Data are the facts from which information is derived. According to a white paper published by IDC titled The Digitalization of the World – From Edge to Core, it is predicted that the global datasphere will grow from 33 zettabytes to 175 zettabytes by 2025.

With so much available data, the need for data visualization to facilitate decision-making processes has been increasing, bringing forth the demand for Data Scientists to translate the ginormous piles of data into useful information.

The Nagaoka Review spoke to Matthew Sia about his thoughts on the use of data in Human Resources Analytics and Management, and what goes on in the process of translating data into useful information.

Digital Breadcrumbs

People in general love snacks, be it a healthy or an unhealthy option. Imagine a colleague getting their hands on that cookie or a handful of potato chips, munching away happily while walking from the pantry back to the workstation in the office. While it might sound like a normal thing to do, would one notice the trail being left behind on their journey back?

Breadcrumbs: something that we all take for granted. But under normal circumstances, besides being an annoyance to the cleaner, these breadcrumbs do not share intimate information about a person. However, have we ever wondered what if these breadcrumbs could talk? Who would be collecting the breadcrumbs? And what would the breadcrumbs be talking about?

Breadcrumbs in the office. Image via

Our activities in the modern-day organization, be it large or small, leave such breadcrumbs: digital breadcrumbs.
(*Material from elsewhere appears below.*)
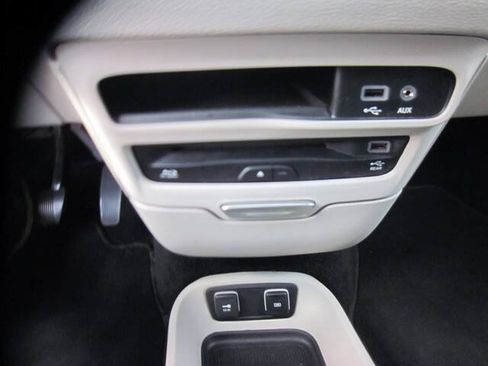 Used 2020 Chrysler Pacifica Limited FWD image 18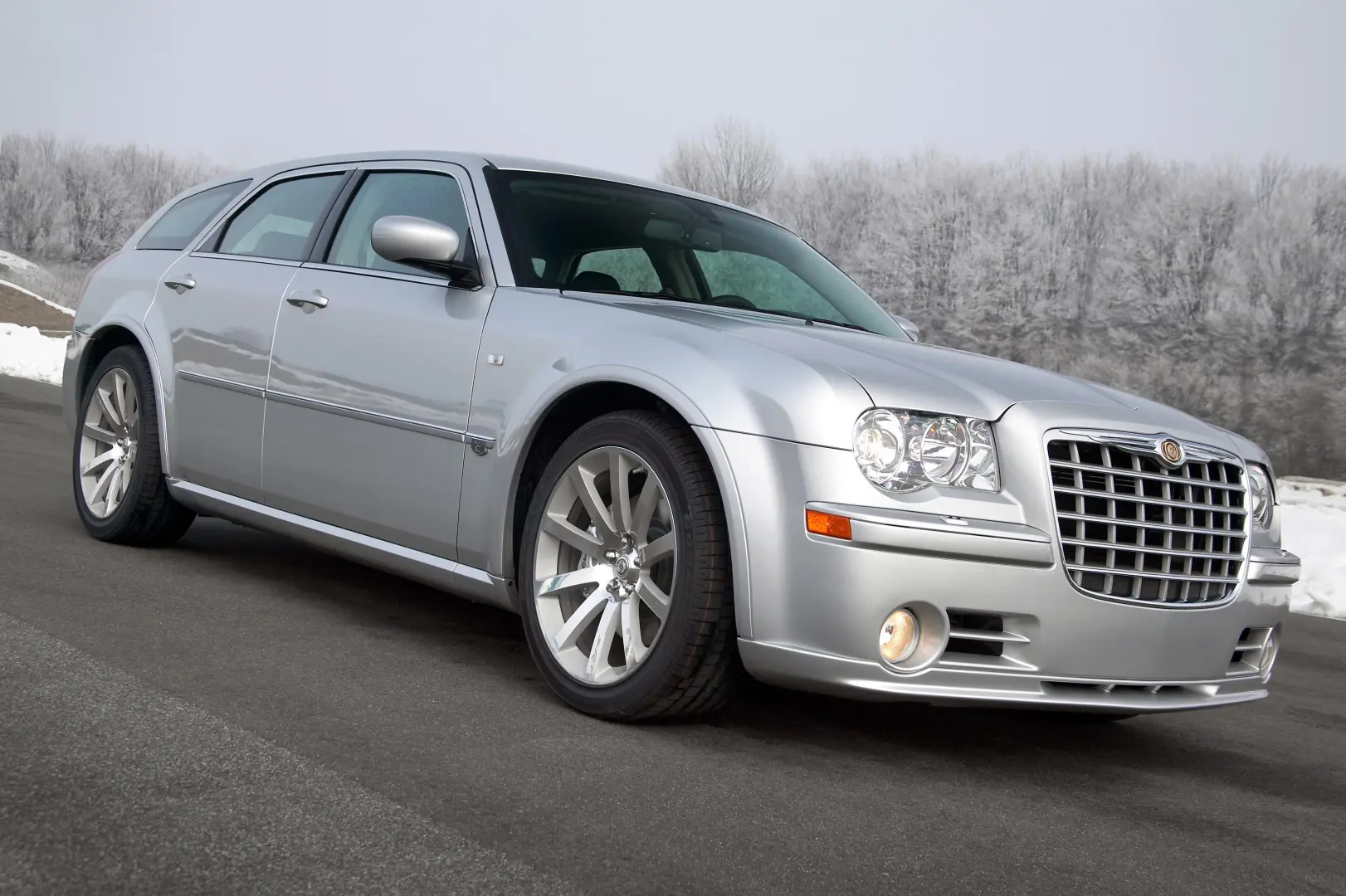 Chrysler  300C Touring 6.1 SRT 2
More often than not, these breadcrumbs are tucked away in a spreadsheet or a database that not many people in the organization look at, and hence they are somewhat taken for granted or even forgotten; unless somebody needs to look up something about a particular someone. A lot of organizations out there still do not realize that the data in that tucked-away spreadsheet or database contains a lot of information which could potentially make us realize things that were not obvious which are critical to our human resources, and further prescribe what can be done in order to maintain our talent pool.

Science in HR?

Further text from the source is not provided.